Review: The serious artist's cat painting and other idiosyncratic standouts from Jess
By DAVID PAGEL
In a sense, all artists are eccentrics: people who do their own thing in ways that may seem strange to others. Jess (1923-2004) is an eccentric among eccentrics.
He was born Burgess Franklin Collins in Long Beach, got drafted into the military and worked on the production of plutonium used in the nuclear bombs exploded over Japan. When World War II ended, he abandoned his career as an atomic scientist, enrolled in art school, broke with his family, began calling himself Jess and entered a relationship with Robert Duncan that continued until the poet’s death in 1988.
To visit “Jess — Secret Compartments” at Kohn Gallery in Los Angeles is to glimpse a soul who couldn’t care less about stylistic consistency (or establishing his brand as an artist). Instead, Jess did what he did because it seemed right at the time.

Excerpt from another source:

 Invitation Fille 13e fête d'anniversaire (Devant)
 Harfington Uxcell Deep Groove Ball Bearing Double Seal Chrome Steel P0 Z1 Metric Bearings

His paintings, collages and drawings stand out from the work of other artists. More peculiar, they stand out from themselves. It’s rare to see a solo show in which so many works stick out like sore thumbs — and look great doing so.
Organized by Tibor de Nagy gallery in New York, the traveling exhibition is Jess’ third in Los Angeles, following shows in 1965 and in 2008. Twenty-five of its 46 works were made in the 1950s. The majority of the remainder date from the ’60s and ’70s. A smattering of works from the ’80s and ’90s are interspersed among three undated studies.
From the get-go, “Secret Compartments” homes in on the idiosyncrasy at the heart of Jess’ art. On the first wall hang two pairs of paintings made between 1951 and 1955.
Each pair is a study in extremes: tempestuous gestural abstraction versus serenely dreamy landscape, and brooding, thickly built-up beach scene juxtaposed with an imaginary society portrait, its lavishly dressed ladies coming off as ghostly apparitions because they were painted with nearly dry brushes and a kind of frugality that suggests Jess was worried he’d run out of paint before he got the job done.
On the next wall, similar collisions play out — first in a pair of collages, then in a trio of graphite drawings, and finally in juxtaposed oil paintings. Each of these sets of wildly diverse works is riddled with inconsistencies and all the more potent for it. The worlds within worlds do not close themselves off from reality but invite double takes.
That dynamic plays out on every wall. It takes stunning shape in a series of erotic idylls, in a set of whimsical illustrations for homemade fairy tales and in a group of mystical inscriptions whose fancifully patterned backgrounds give the Tower of Babel-style texts a run for their money — and then some.
Cat pictures and subjects beloved by Sunday painters reveal that Jess was not afraid to be mistaken for an amateur — or shy about letting you know that the root of that word is love, not superficiality or dilettantism. The mystique — and pretentions — of professionalism are nowhere to be found in his art. With unfailing consistency, he pursued the unguarded authenticity of real sentiments, even if such feelings are often taken to be sentimental clichés.
In the second gallery, collages combine bracing observations of life’s cruelties with the conviction that innocence must be protected, cultivated and fought for. The same is true of Jess’ sketches and drawings for books of poetry and collaborations with poets. A suitcase-size flip book and a film of the 41 collages that make up that sculptural volume anchor the second gallery, which, like the first, is all about getting visitors to see things differently — and behave accordingly.